3 L’autore di uno scritto anonimo, Adversus Judaeos/Contro i Giudei (8,11-18, CCL 2, 1954, pp. 1360-64) attribuito da alcuni a Tertulliano (150/160-220), già nella seconda metà del sec. II, riteneva che Cristo fosse nato il 25 marzo e fosse anche morto lo stesso giorno. Doveva essere così perché la perfezione della natura divina di Cristo esigeva che gli anni della sua vita sulla terra dovevano essere anni interi senza frazioni. E’ evidente che siamo in piena speculazione teologica fuori da ogni spiegazione storica. Clemente d’Alessandria (160-240) testimonia che i cristiani copti celebravano non solo l’anno, ma anche il giorno della nascita del Salvatore e cioè il 25° giorno del mese di Pachòn (15 maggio) o il 25 del mese Pharmùth (20 aprile) e sostiene che non esiste una tradizione univoca e condivisa sulla data esatta della nascita del Salvatore (Stromates I, 21, PG 8,888).

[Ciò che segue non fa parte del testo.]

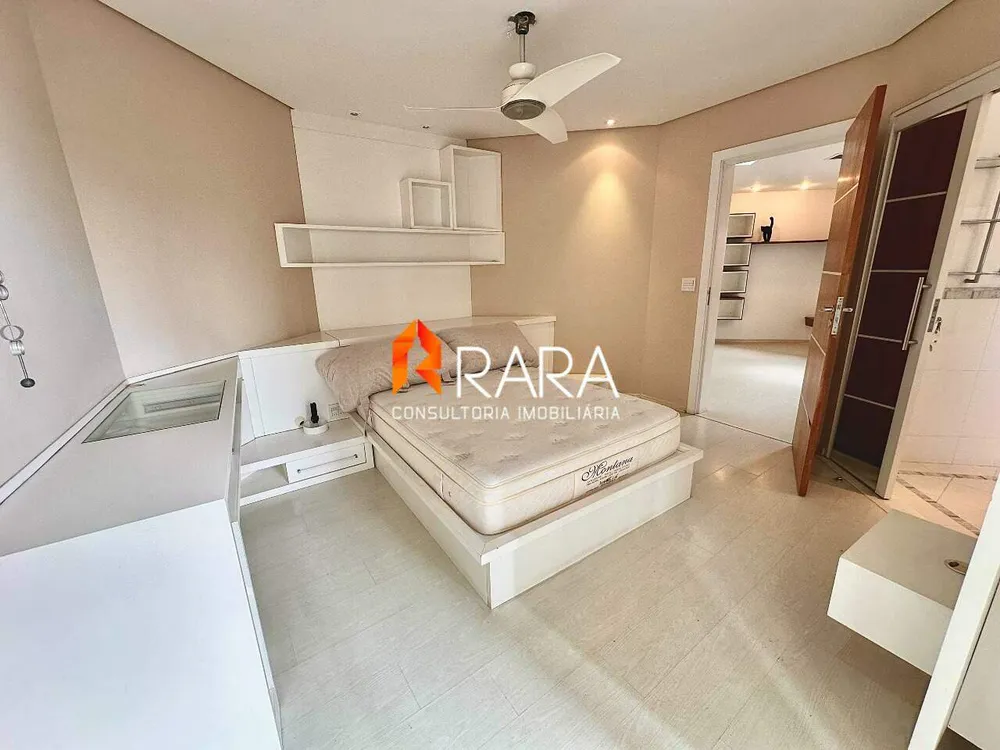 Sobrado, 3 quartos, 335 m² - Foto 4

4 Nei primi secoli, i cristiani celebrano il Natale come argine e contrapposizione alle licenziose festività dell’equinozio d’inverno in onore del dio-Mitra, divinità di origine persiana onorata come Sol invictus/Sole invitto (v. pag. 23), in onore del quale in pieno inverno si è sviluppa una festa centrata sul simbolismo della luce, molto diffusa nell’impero romano tra i sec. I-III d.C., tanto che l’imperatore Diocleziano (284-305 d.C.) proclama il dio-Mitra «sostegno del potere imperiale», incrementandone il culto. In questa festa tutto diventa lecito perché crolla ogni freno inibitore e si scatena ogni sorta di trasgressione specialmente sessuale. Non di rado la festa è occasione per vendette personali fino all’omicidio.

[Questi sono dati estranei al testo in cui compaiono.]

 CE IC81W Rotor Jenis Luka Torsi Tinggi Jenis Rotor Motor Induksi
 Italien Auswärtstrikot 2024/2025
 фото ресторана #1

5 Nello stesso periodo il 25 del mese di Kislèv, corrispondente ad una data tra il 15 e il 25 dicembre ca. i Giudei celebrano la festa ebraica di Chanukkàh (= illuminazione), detta anche Chàg Haneròth (Festa dei lumi), Chàg Haurìm (Festa delle luci) e Chàg Hamakkabìm (Festa dei Maccabei), in riconsacrazione del Tempio riconquistato da parte di Giuda il Maccabeo nell’anno 165 a.C. La Chiesa per non isolare i cristiani accerchiati dal culto del dio-sole/Mitra e dalla ebraica Festa delle luci, inventa la celebrazione del Natale del Signore, il Sole che sorge e mai tramonta. A Natale non domina solo il simbolismo della luce che contrasta il buio della notte, ma celebra Cristo stesso «Luce che illumina le genti» (Lc 2,32), «Stella luminosa del mattino» (Ap 22,16), Sapienza di splendore «che non tramonta» (Sap 7,10). Celebrare il Natale in pieno inverno è un atto di coraggio e di speranza, un invito a guardare oltre le apparenze: il seme morto e sepolto nei solchi, le giornate brevi e buie, il senso di morte che tutto pervade è la premessa della primavera quando la vita danzerà e sconfiggerà la morte in vista dell’estate che porterà la gioia del raccolto ed dell’abbondanza, simbolo di pienezza di vita.